Спустя месяц после двойной коронации Фердинанд и Валленштейн встретились в Брандейсе. Они могли поздравить друг друга: в Германии больше не было сил, которые могли бы им противостоять. Валленштейн сообщил императору о том, что он способен вести войну еще шесть лет, полагаясь лишь на ресурсы захваченных земель и не требуя от правительства ни одного пенни[579]. Он намерен установить власть Фердинанда по всей империи, оккупировать Ютландию, Гольштейн, Померанию, Мекленбург, частично Бранденбург, Франконию, Швабию, Эльзас[580]. На севере его позиции были сильны, как никогда. Испанские финансы оживили польскую монархию[581], руки короля Швеции теперь были связаны, и он не мог оказать помощь поверженному королю Дании. Сконфуженный курфюрст Бранденбурга был принужден помогать не своему шведскому зятю, а полякам. Он не мог защитить себя и должен был исполнять свой долг вассала Сигизмунда Польского[582]. В этих новых обстоятельствах планы Габсбургов по созданию флота на Балтике и торговой компании сообща с Ганзейским союзом были близки к реализации. Весной Валленштейн уже начал заниматься организацией строительства двадцати четырех военных кораблей для Балтики при условии, что испанцы пришлют столько же судов[583].

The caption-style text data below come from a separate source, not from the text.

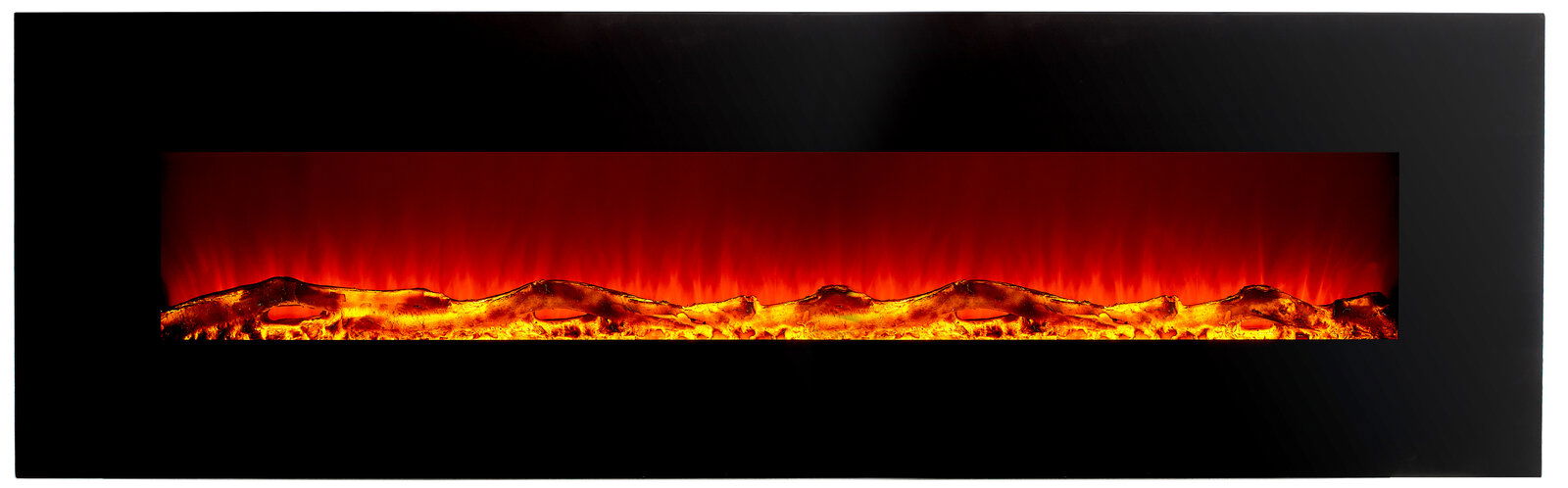 Moderner Elektrokamin mit realistischer Flammenoptik, Frontalansicht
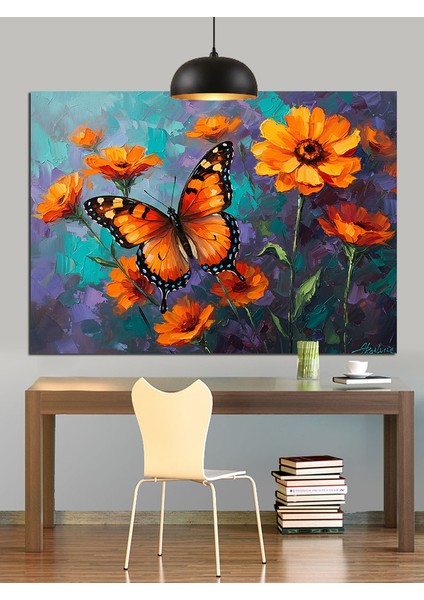 Turuncu Kelebek Uçuyor Çiçekler Dekoratif Kanvas - Mdf Ahşap Tablo modelleri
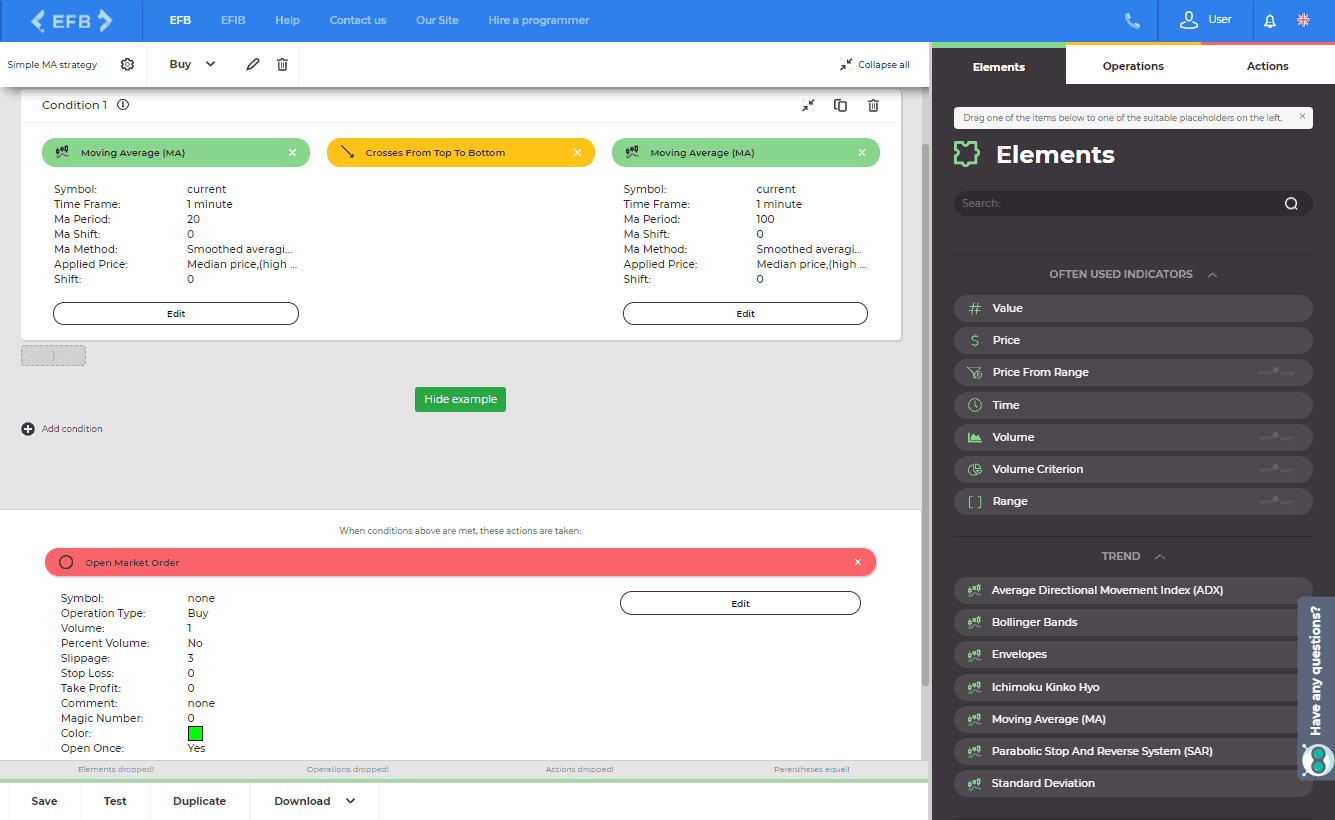 Forex Tester 5: Mehr als nur Backtesting – Ein umfassender Überblick Das Bild zeigt den Easy Forex Builder von Forex Tester 5.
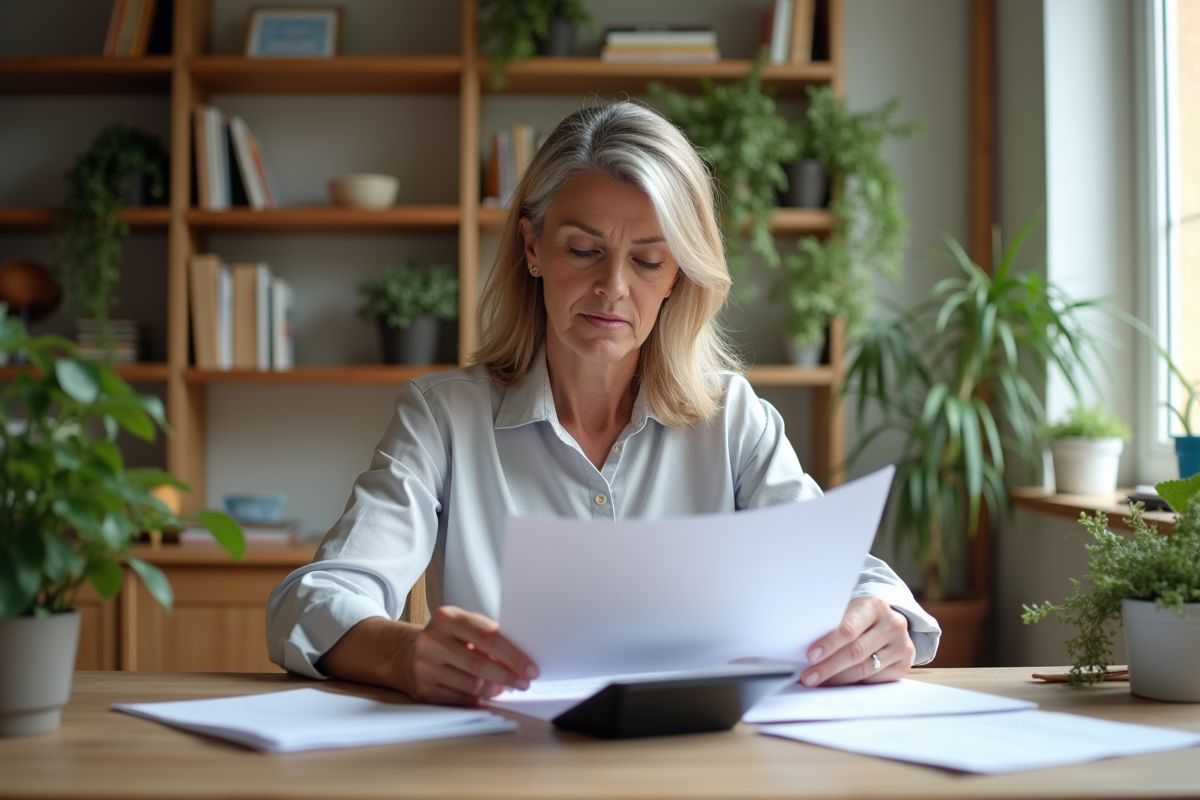 Femme d'âge moyen lisant des papiers à la maison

Фердинанд низложил Фридриха, с тем чтобы завладеть Рейном. Так же он поступил и в случае с Балтикой, отобрав собственность у бунтарей и даровав ее союзнику. 11 марта 1628 года он подписал жалованную грамоту, дарующую герцогство Мекленбург со всеми титулами и привилегиями Альбрехту фон Валленштейну[584].

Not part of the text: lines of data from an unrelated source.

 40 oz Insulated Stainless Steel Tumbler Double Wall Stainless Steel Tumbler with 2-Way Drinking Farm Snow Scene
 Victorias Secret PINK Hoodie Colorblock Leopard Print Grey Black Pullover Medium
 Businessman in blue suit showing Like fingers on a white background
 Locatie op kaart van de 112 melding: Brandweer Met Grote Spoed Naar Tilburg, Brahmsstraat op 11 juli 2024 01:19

Европа недоумевала. Европейские дворы испытали шок, когда герцог Баварский возвысился до курфюрста, хотя он был по крайней мере видным князем, и его возвышение произошло с одобрения, пусть и вынужденного, духовных курфюрстов. По своему рождению Валленштейн был не более чем чешским дворянином, подданным короны. Имел ли он право на то, чтобы стать суверенным князем и сидеть рядом с правителями Вюртемберга и Гессена? Если одного слова императора достаточно для того, чтобы низложить правящего князя и на его место поставить свою креатуру, тогда скоро вся Германии превратится в провинцию Австрии.

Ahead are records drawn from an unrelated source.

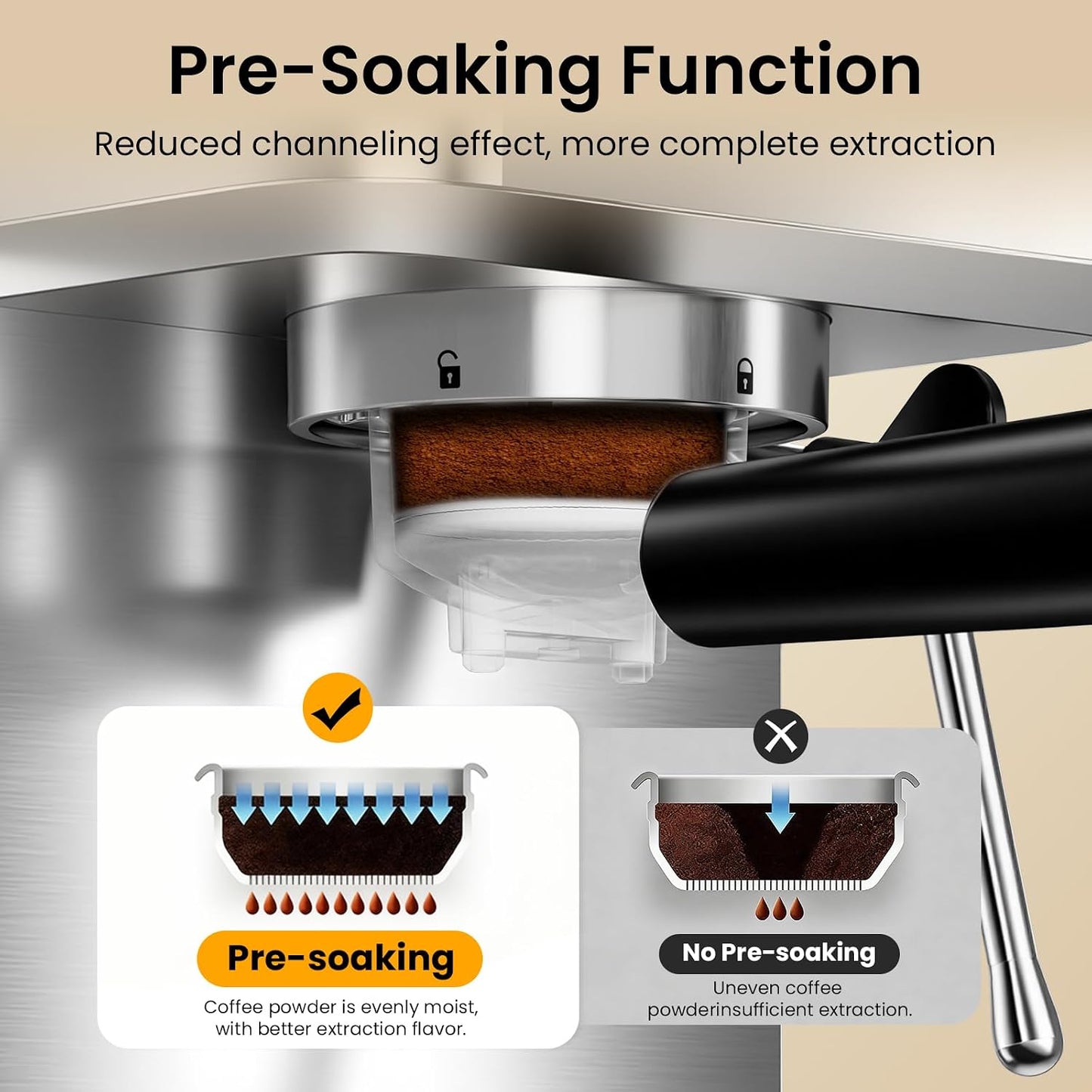 Espresso Machine 20 Bar, Brush Stainless Steel Espresso Maker with Milk Frother Steam Wand, 1400W Espresso Coffee Machine with 1.8L Removable Water Tank for Latte, Cappuccino,Machiato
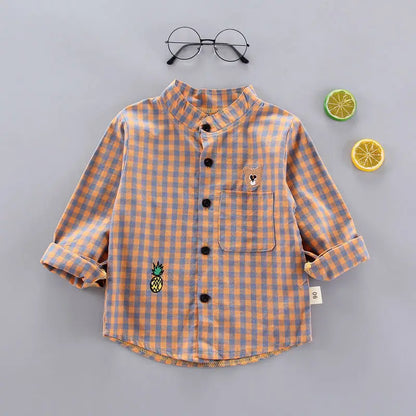 Kids Shirt Clothes Spring Thin Blouses Clothing Infant Boy Plaid Cotton Tops 1 2 3 4 Years Kids Long Sleeves Shirt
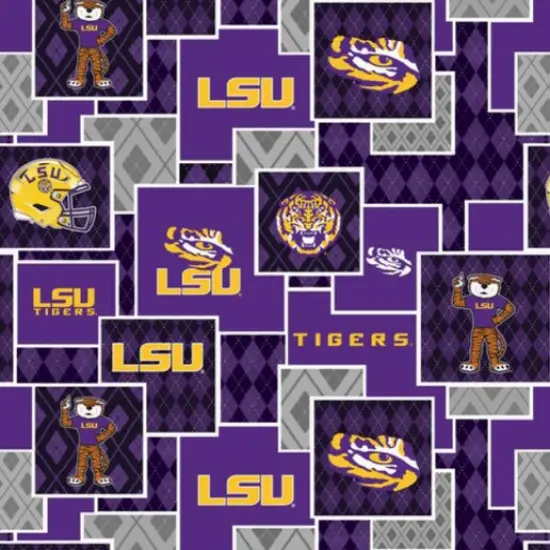 Licensed NCAA Louisiana State University Argyle Boxes Cotton Fabric by the Yard {1}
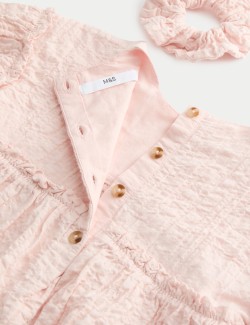 2 ks nabírané šaty s vysokým obsahem bavlny s gumičkou do vlasů (2–8 let)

И в самой династии Габсбургов передачу прав восприняли бы с большим энтузиазмом, если бы кузены Фердинанда не сомневались в том, что он действительно является хозяином положения. Испанцы готовы были согласиться и с германскими князьями, и с самим Валленштейном в том, что император всего лишь пешка в его руках. «Герцог столь могуществен, — писал испанский посол, — что приходится чуть ли не благодарить его за то, что он соизволил взять Мекленбург… Император по своей мягкости, несмотря на все предупреждения, дал герцогу такую власть, которая не может не тревожить нас»[585]. Из доклада можно понять, что Фердинанд опять не внял испанским советам, но вряд ли только лишь из-за слабости, как это померещилось послу. Великодушие Фердинанда вызывалось более серьезными причинами.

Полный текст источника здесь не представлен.